Deep Learning based Attribute Representation in Ancient Vase Paintings

1. Abstract

The understanding of iconography and visual narration in ancient imagery is one of the main foci in the field of Classical Archaeology, e.g. in Attic vase paintings of the fifth century B.C. In order to depict the situations and actions of a narrative as well as to characterise its protagonists, ancient Greek artists made use of a broad variety of often similar image elements [1]. The interaction and meaningful relationship of the protagonists is depicted with significant postures and gestures (schemata) in order to illustrate key aspects of the storyline [2, 3]. These schemes are not restricted to a certain iconography, so that visual links between different images occur. Being familiar with these relationships the ancient viewer could detect the specific narration and understand the meaning of the image. For example, the scheme of leading the bride in Attic vase paintings is characterised by a significant leading-gesture (χεῖρ’ ἐπὶ καρπῷ – hand on wrist / hand on hand) that relates bride and bridegroom in non-mythological wedding scenes, thereby expressing a hierarchy of the two figures in active or passive parts respectively. Both protagonists are connected in a communicative way defined by meaningful postures and gestures.
Besides these descriptive schemes there are narrative elements, like the surrounding, specific attributes of gods or other objects, that contribute to the viewer’s understanding of narrative contexts. These other characteristic attributes are needed in order to determine the depiction as a specific mythological one. Scenes of Helen and Menelaos (dressed as warrior and threatening her with weapons), thus, make use of the leading the bride scheme to show that Menelaos leads Helen home from Troy, like a bride. Only by combining the formal schemes and narrative elements is it possible to determine the depiction as a certain mythological story and to understand its cultural meaning.

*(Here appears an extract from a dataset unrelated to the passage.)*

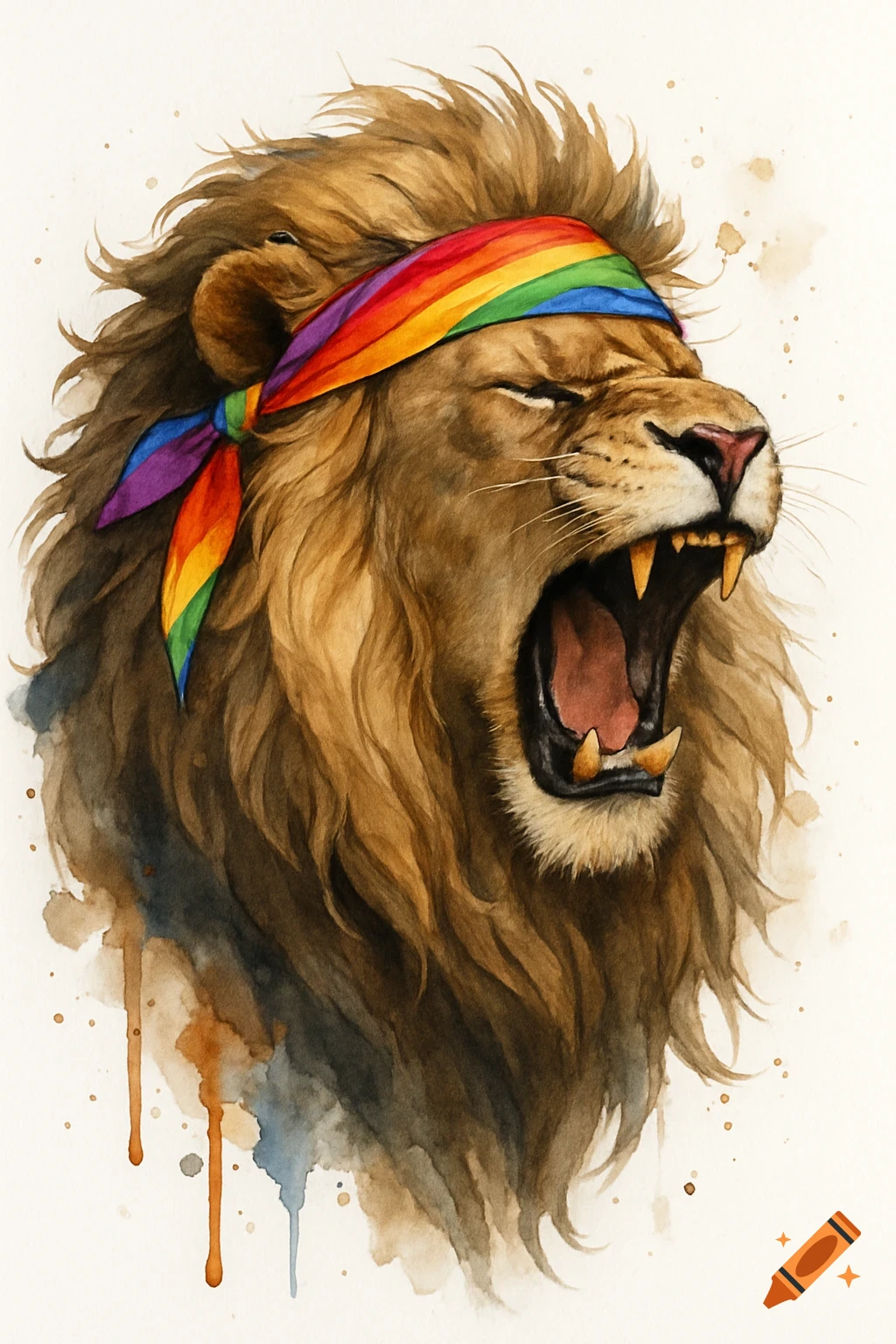 Watercolor illustration of a roaring lion wearing a rainbow bandana.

We, therefore, need to recognize the narrative elements of the pictorial stories and to decode their formal key structures by comparing a high number of ancient images and by discovering visual similarities. It is necessary to target the understanding of complex semantic relationships and cultural references in a mixed-initiative-interaction between researcher and machine, and involve computer vision as a fourth Bildwissenschaft [4].
We approach this problem using state-of-the-art object recognition algorithms [5, 6] in computer vision. We present a novel approach using convolutional neural networks which maps the attributes occurring in Classical Archaeology into a deep representational space, through deep learning techniques. This representation maps the inherent variations in the representation of any particular attribute into a common space. A further novel method is developed that uses this representation space along with the context of the narrative for a better understanding of the depicted scene in the artwork. We also analyse the model performance with abstract classes where we combine multiple similar attributes into a single abstract class. This new approach has important applications, including the retrieval and contextual understanding of artworks [7] in Classical Archaeology.

References:

[1] Giuliani, L., 2003. Bild und Mythos. Geschichte der Bilderzählung in der griechischen Kunst, München: Beck 2003.

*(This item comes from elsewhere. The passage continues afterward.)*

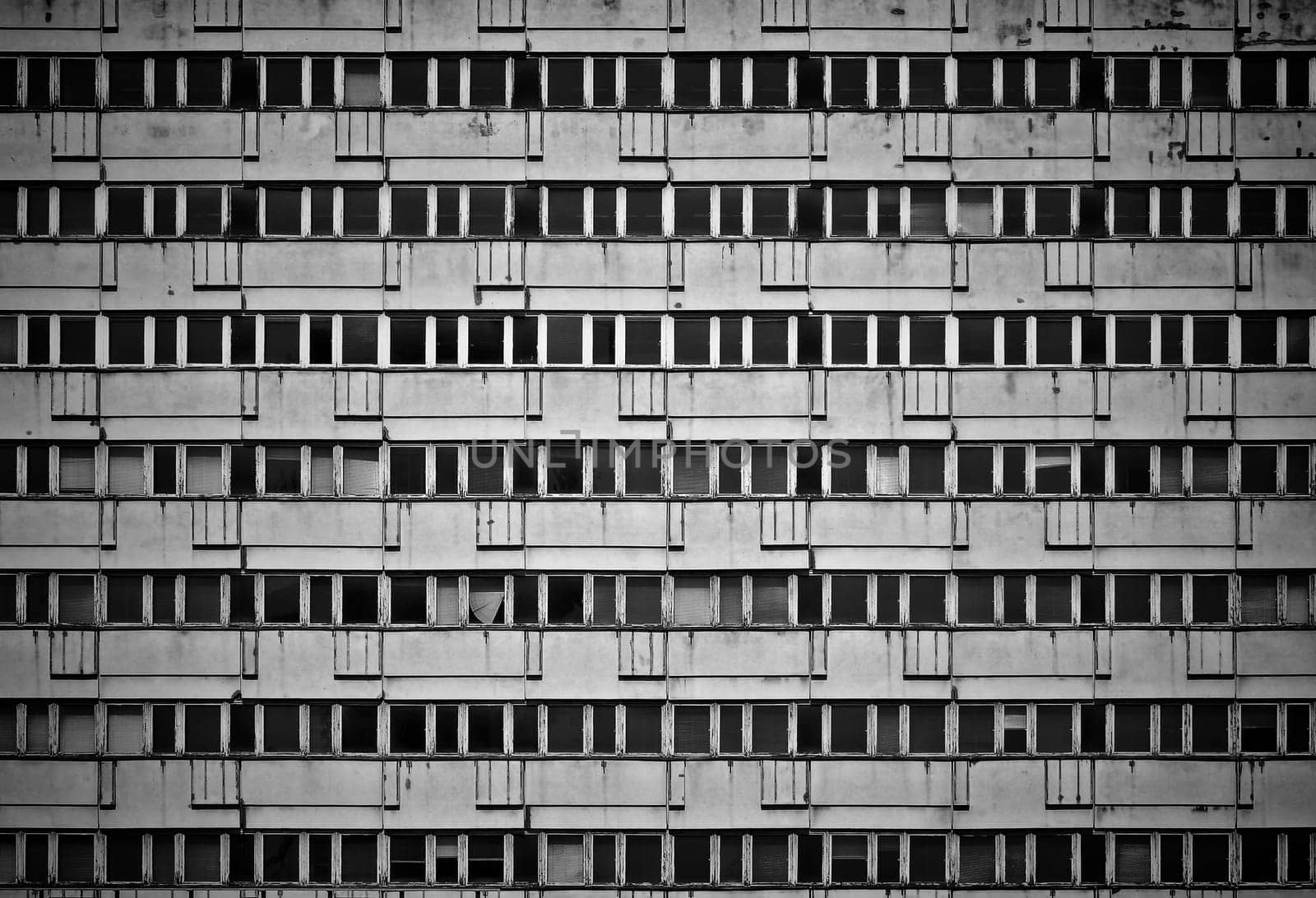 dilapidated vacant slab building in the centre of Berlin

[2] McNiven, T. J., 1982. Gestures in Attic Vase Painting: Use and Meaning, 550–450 B.C., Diss. Ann Arbor: University of Michigan.
[3] Catoni, M. L., 2008. La comunicazione non verbale nella Grecia antica : gli schemata nella danza, nell'arte, nella vita, Turin: Bollati Boringhieri.

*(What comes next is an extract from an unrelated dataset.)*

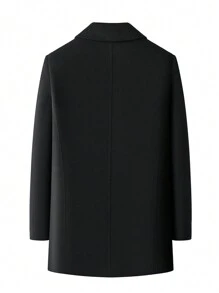 Men's Vintage Style Old Money Look Lapel Simple Solid Color Buttoned Wool Coat Elegant Casual Versatile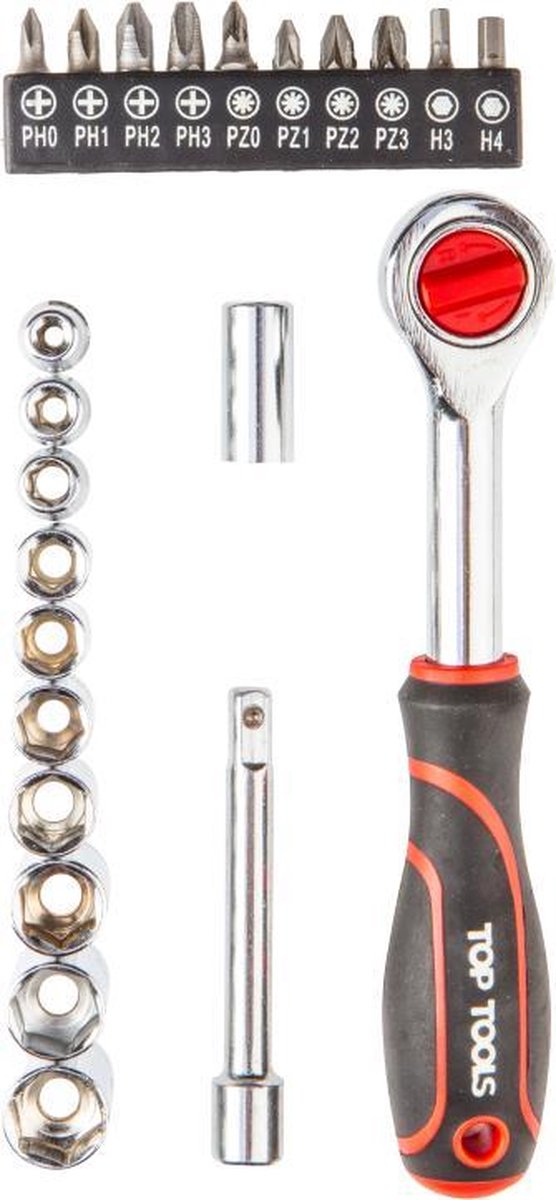 Top Tools Doppenset 1/4 23 Delig In Blister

[4] Panofsky, E., 2006. Ikonographie und Ikonologie: Bildinterpretation nach dem Dreistufenmodell, Cologne: DuMont.
[5] Lin, T.Y., Goyal, P., Girshick, R., He, K. and Dollár, P., 2017. Focal loss for dense object detection. In Proceedings of the IEEE international conference on computer vision (pp. 2980-2988).
[6] Redmon, J., Divvala, S., Girshick, R. and Farhadi, A., 2016. You only look once: Unified, real-time object detection. In Proceedings of the IEEE conference on computer vision and pattern recognition (pp. 779-788).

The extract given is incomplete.